Summary of the Invention

In view of the above technical problems, embodiments of the present application provide a method and a device for speech recognition.

In a first aspect, an embodiment of the present application provides a method for speech recognition, where the method includes:

Obtain the speech data to be identified;

Determining phoneme data corresponding to the voice data;

The phoneme data is input into a pre-trained phoneme text conversion model to obtain text data corresponding to the voice data.

Optionally, the method further includes:

Obtaining sample phoneme data and corresponding sample text data;

Using the sample phoneme data as sample input data and the sample text data as sample output data, the initial phoneme text conversion model is trained to obtain the phoneme text conversion model.

Optionally, the determining phoneme data corresponding to the voice data includes:

Based on a pre-trained speech acoustic model, phoneme data corresponding to the speech data is determined.
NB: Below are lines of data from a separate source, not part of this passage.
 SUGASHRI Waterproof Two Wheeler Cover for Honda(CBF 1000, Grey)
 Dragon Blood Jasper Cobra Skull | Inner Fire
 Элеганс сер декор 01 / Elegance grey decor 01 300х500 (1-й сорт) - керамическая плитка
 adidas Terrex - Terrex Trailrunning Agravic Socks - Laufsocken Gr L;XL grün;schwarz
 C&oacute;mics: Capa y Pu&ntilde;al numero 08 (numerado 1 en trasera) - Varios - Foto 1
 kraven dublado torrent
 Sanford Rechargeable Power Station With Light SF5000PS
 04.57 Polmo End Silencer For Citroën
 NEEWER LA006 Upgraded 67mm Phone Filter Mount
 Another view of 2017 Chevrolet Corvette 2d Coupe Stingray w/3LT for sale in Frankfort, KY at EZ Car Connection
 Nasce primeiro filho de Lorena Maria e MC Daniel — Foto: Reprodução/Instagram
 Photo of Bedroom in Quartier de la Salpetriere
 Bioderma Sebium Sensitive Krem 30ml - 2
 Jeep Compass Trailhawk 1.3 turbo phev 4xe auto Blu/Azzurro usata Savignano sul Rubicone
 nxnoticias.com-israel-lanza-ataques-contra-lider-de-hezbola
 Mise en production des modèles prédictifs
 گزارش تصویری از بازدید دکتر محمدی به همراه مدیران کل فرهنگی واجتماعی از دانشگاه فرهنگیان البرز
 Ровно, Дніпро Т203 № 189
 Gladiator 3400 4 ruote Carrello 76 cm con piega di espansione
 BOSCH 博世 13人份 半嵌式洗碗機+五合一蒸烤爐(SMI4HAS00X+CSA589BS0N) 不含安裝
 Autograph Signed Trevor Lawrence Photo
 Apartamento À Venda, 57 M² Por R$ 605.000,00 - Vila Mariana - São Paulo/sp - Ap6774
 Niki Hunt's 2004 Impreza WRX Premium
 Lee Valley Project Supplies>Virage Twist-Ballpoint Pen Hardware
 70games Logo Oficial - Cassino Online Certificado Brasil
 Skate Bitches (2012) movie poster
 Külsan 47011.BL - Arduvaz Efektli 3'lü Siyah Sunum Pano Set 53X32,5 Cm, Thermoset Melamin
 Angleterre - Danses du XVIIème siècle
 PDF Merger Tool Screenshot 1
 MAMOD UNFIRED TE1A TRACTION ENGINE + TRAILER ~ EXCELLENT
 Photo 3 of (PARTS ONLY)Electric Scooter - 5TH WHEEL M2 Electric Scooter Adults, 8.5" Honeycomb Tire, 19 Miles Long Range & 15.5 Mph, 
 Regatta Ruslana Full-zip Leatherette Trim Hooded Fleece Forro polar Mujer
Optionally, the phoneme-to-Chinese character conversion model includes an encoder model, a decoder model, an attention mechanism model, and a spatial search model;

The inputting the phoneme data into a pre-trained phoneme Chinese character conversion model to obtain the Chinese character text corresponding to the voice data includes:

Inputting the phoneme data into the encoder model to obtain a first feature code corresponding to the phoneme data;

Inputting the first feature code into the attention mechanism model to obtain a second feature code corresponding to the phoneme data;

Inputting the second feature code into the decoder model to obtain a feature code of a text corresponding to a first phoneme unit in the phoneme data;

Setting the text sequence number i corresponding to the phoneme data to be equal to 1;

Inputting the first feature code and the feature code of the text corresponding to the i-th phoneme unit in the phoneme data into the attention mechanism model to obtain a fusion feature code of the text corresponding to the i-th phoneme unit;

Inputting the fusion feature code of the text corresponding to the i-th phoneme unit into the spatial search model to obtain the text corresponding to the i-th phoneme unit;

If the i-th phoneme unit is not the last phoneme unit in the phoneme data, inputting the text corresponding to the i-th phoneme unit and the second feature code into the decoder model to obtain the The feature code of the text corresponding to the i + 1th phoneme unit in the phoneme data, increment the value of i by 1 and go to the execution of the first feature code and the text corresponding to the i-th phoneme unit in the phoneme data. A processing step of inputting a feature code into the attention mechanism model;

If the i-th phoneme unit is the last phoneme unit in the phoneme data, the text corresponding to each phoneme unit obtained by the spatial search model is sorted according to the corresponding phoneme unit in the phoneme data, Combined together to obtain text data corresponding to the voice data.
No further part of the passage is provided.